You are overestimating the cost of high end servers, or underestimating the cost of low end ones. Again, their existing redis cluster is less RAM, CPU power, and IO throughput than a single, relatively cheap server right now.
>Instead of having a proprietary competitive advantage, they are now the commodity application provider
Twitter is a commodity application provider. People don't use twitter because of how twitter made a mess of their back end. People don't care at all about the back end, it doesn't matter at all how they architect things from the users perspective.
>while if their server vendor wants to raise prices, it has them by the balls since the whole business is built on their architecture.
What do you think servers are? They aren't some magical dungeon that traps people who buy them. If oracle wants to fuck you, go talk to IBM. If IBM wants to fuck you, go talk to fujitsu, etc, etc.
When two of your two servers die, you ... um, well, you lose money and reputation. Quickly.
- Servers that phone home; sometimes the first you know of a potential problem is engineers at your door come to service your server.
- Hot swappable RAID'ed RAM.
- Hot swappable CPU's, with spares, and OS support for moving threads of CPU's that are showing risk factors for failure.
- Hot swappable storage where not just the disks are hot swappable, but whole disk bays, and even trays of hot swappable RAID controllers etc.
- Redundant fibre channel connections to those raid controllers from the rest of the system.
- Redundant network interfaces and power supplies (of course, even relatively entry level servers offers that these days).
In reality, once you go truly high end, you're talking about multiple racks full of kit that effectively does a lot of the redundancy we tend to try to engineer into software solutions either at the hardware level, or abstracted from you in software layers your application won't normally see (e.g. a typical high end IBM system will set aside a substantial percentage of CPU's as spares and/or for various offload and management purposes; IBM's "classic" "Shark" storage system used two highly redundant AIX servers as "just" storage controllers hidden behind SCSI or Fibre Channel interfaces, for example).
You don't get some server where a single component failure somewhere takes it down.

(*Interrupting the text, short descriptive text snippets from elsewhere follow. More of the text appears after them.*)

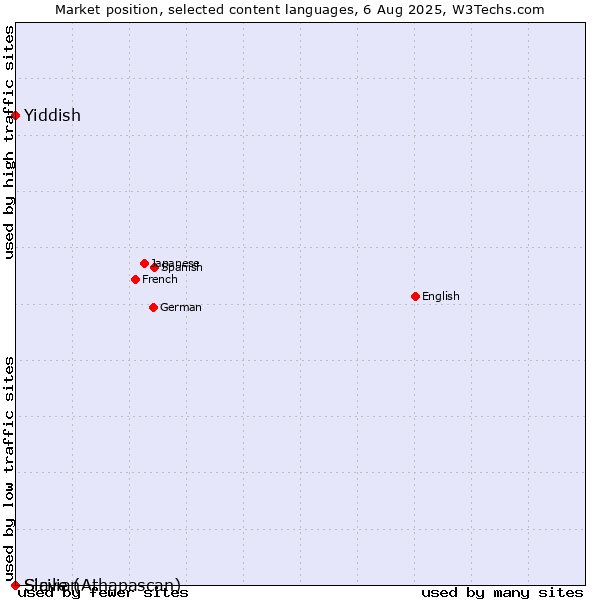 Market position of Yiddish vs. Sicilian vs. Slave (Athapascan)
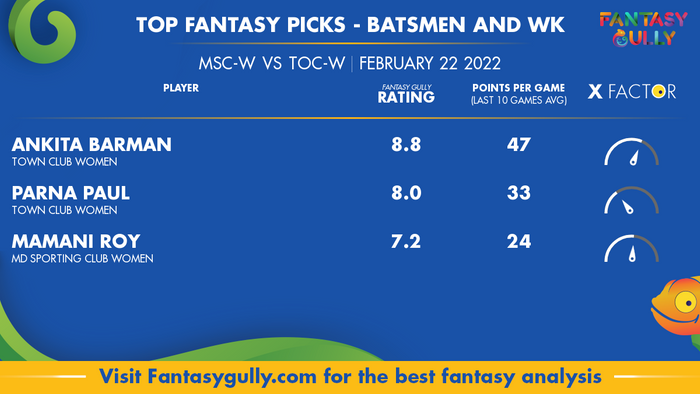 Top Fantasy Predictions for MSC-W बनाम TOC-W: बल्लेबाज और विकेटकीपर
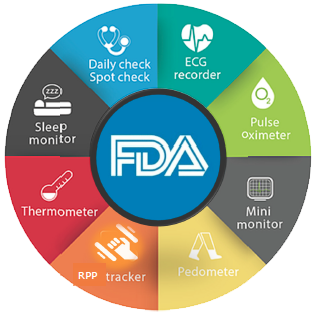 Checkme Pro Health Monitor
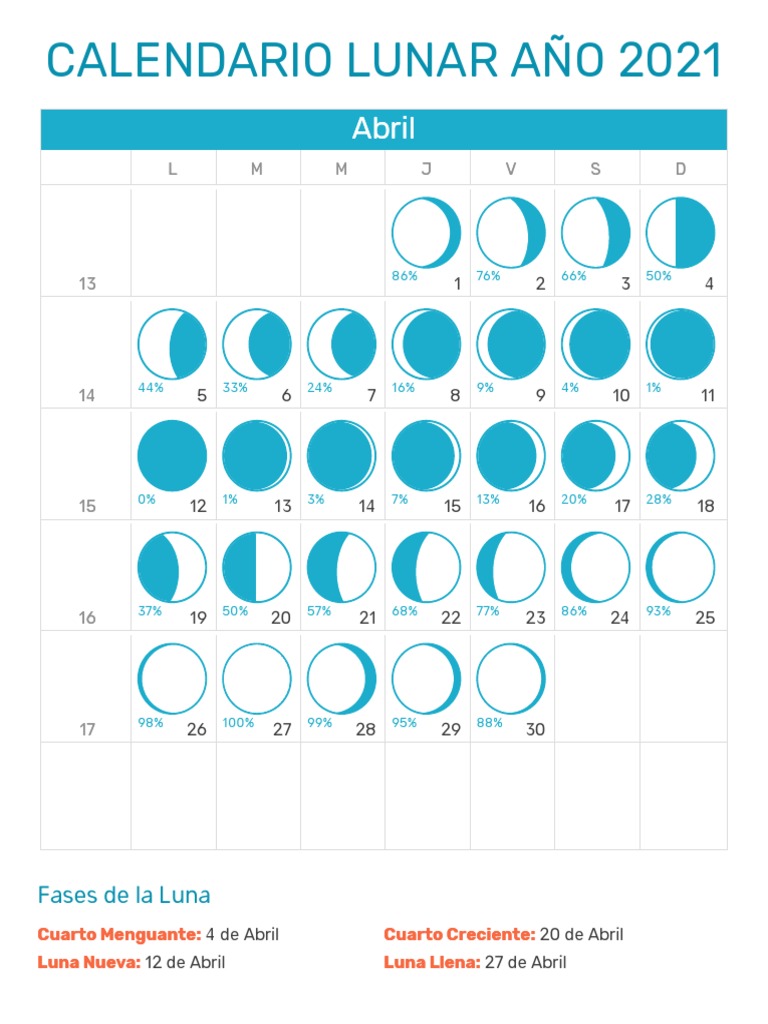 Calendario Lunar Abril 2021 PDF | PDF, image size:768x1024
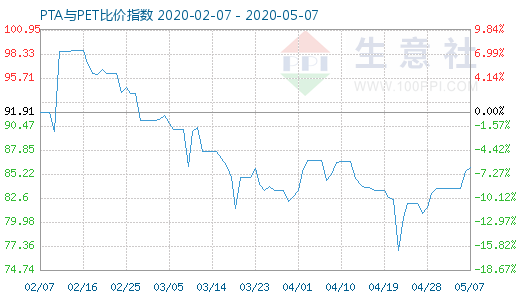 5月7日PTA與PET比價指數(shù)圖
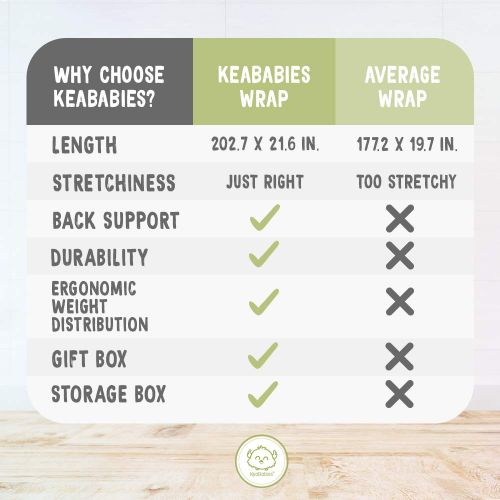  Baby Wrap Carrier by KeaBabies - All-in-1 Stretchy Baby Wraps - 3 Colors - Baby Sling - Infant Carrier - Hands-Free Babies Carrier Wraps | Great Baby Shower (Trendy Black)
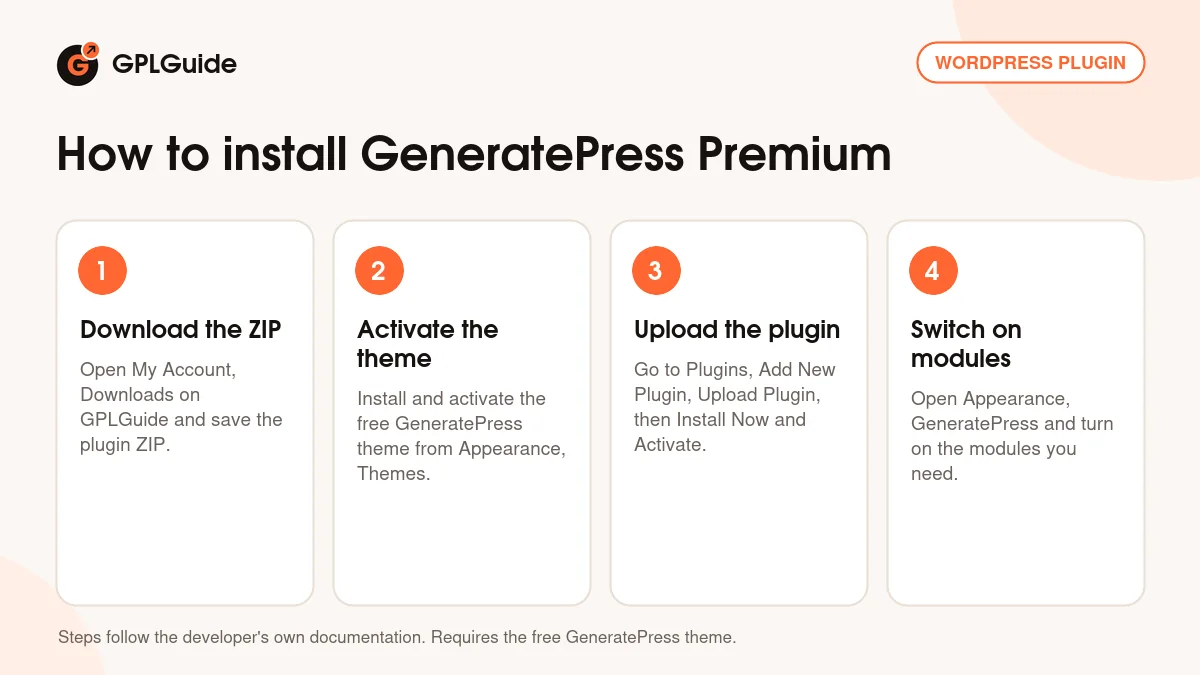 How to install GeneratePress Premium on WordPress in four steps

Some of these vendors have decades of designing out single points of failure in their high end equipment.
Some of these systems have enough redundancy that you could probably fire a shotgun into a rack and still have decent odds that the server survives with "just" reduced capacity until your manufacturers engineers show up and asks you awkward questions about what you were up to.
In general you're better off looking at many of those systems as highly integrated clusters rather than individual servers, though some fairly high end systems actually offer "single system image" clustering (that is, your monster of a machine will still look like a single server from the application point of view even in the cases where the hardware looks more like a cluster, though it may have some unusual characteristics such as different access speeds to different parts of memory).